When these problems manifest in a single instant of police brutality, we should avoid the temptation of narrowing our focus and leaping into the endless and futile circus of reforms and debates about them. There is no grand, rational solution, only us.

6 Likes

i can see the comon sense flying away in the video.

I assume you mean me? I don’t think I have been pro-cop. I have been anti-anti-cop. There is a difference. I’ve acknowledged and agree with pretty much ALL of the BAD issues that need fixed. I have acknowledged that some departments have systematic abuse issues.

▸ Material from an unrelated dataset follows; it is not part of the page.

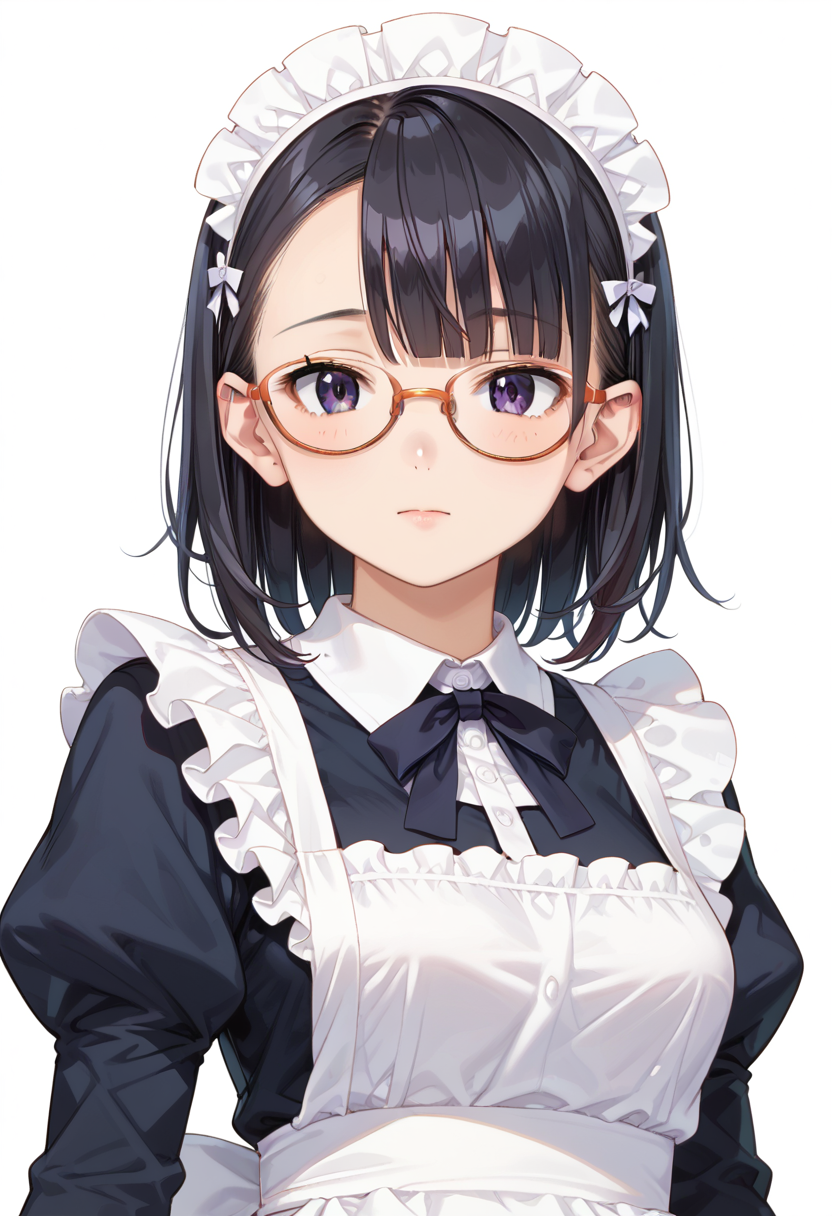 score_9, score_8_up, score_7_up, rating_safe, masterpiece, best quality, absurdres, unity 8k wallpaper, official art, official style, source_anime, uncensored, game cg, megami magazine,
1girl, solo, black hair, medium hair, upper body, covered eyes,maid, maid headdress, black dress, maid apron, face focus,
oval_metal, glasses, still life, white background, simple background, orange-framed eyewear,
 <lora:glasses_OvalMetal2_PONY_V1:1>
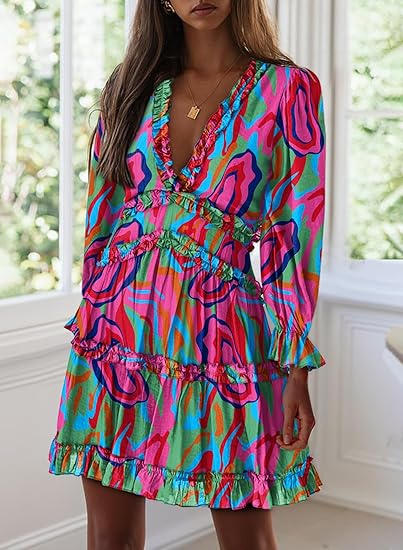Eden™ | Vestido Corto con Estampado Floral, Volantes y Mangas Largas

The point I have - I think if you step back you will see is a valid one - is that we should not have a baseline bias that cops are “untrustworthy, lying, aggressive, trigger-happy thugs who will beat, maim, or kill you without warning, provocation”.

That’s it.

But if you are sitting there going, “Well, we can in this case because it is totally true!” The congrats, you have become what you hate most!

You make a lot of comments about how this basically trickles up to abuse of state power etc. I am no fan of the government. I criticize the government at every turn. I even agree with a lot your comments. But when you get to the boots on the ground - the PEOPLE who make up the police, the military, the IRS, whatever, they are PEOPLE.

If you stick to your baseline bias that all blank are bad, there will never be unity and understanding between you and that group - which is ironically what the enemy wants!

ETA:

Except I have agreed with pretty much everything that you say is a problem, is a problem.

1 Like

How the hell is it a straw man when someone says “Kids need to learn police are [bad].” Is that not setting one’s default opinion about that group of people?

I guess I can’t grasp the double-think here to conclude this ok.

I often hear even kids say things like “basketball sure are tall,” while also realizing (as most listeners do too) that not ALL basketball players are tall.

And by the way, are you now implying that black parents shouldn’t have The Talk with their kids?

2 Likes

It’s actually really common in Texas to have officers employed by the school district, especially large and urban school districts. I don’t know about other states. As for why this is, I’m not sure. The excuse I hear most often is drug and gang violence. Which is actually present at middle schools in San Antonio, as well as other places. Then again, there are an awful lot of citations for disorderly conduct when kids are misbehaving in class. Not fighting, but arguing and cussing and such. But there are also a lot of assaults against teachers at some of these schools, not just mutual fights between students.
I don’t think the district cops get any special training on handling kids. They should, but they don’t. Just like every law enforcement officer should get extensive training on handling mentally ill or impaired people.

1 Like

OMG. So are you saying perpetuation negative stereotypes are ok if you preface it with, well not all of them. Even in your harmless example I would remind them some great players were of shorter stature - and there are even great women players out there!

Can you imagine anyone saying that about any other group of people? 'You got to be careful about such and such group, because they like to do x, y, z. Well not all of them. That young boy in your class seems like a nice fellow."

And no, I am implying no such thing. Only that any such talks should be balanced. I won’t have to have a talk with my kid about race, but I will have to have a talk with her about men and watching out for people who want to harm her. Am I going to make her fearful of all men because some are abusers? Or steer her away from certain types of men, say Muslims because so many of them have such a patriarchal hierarchy?

Have fun with that straw man. Hope it’s at least a good workout.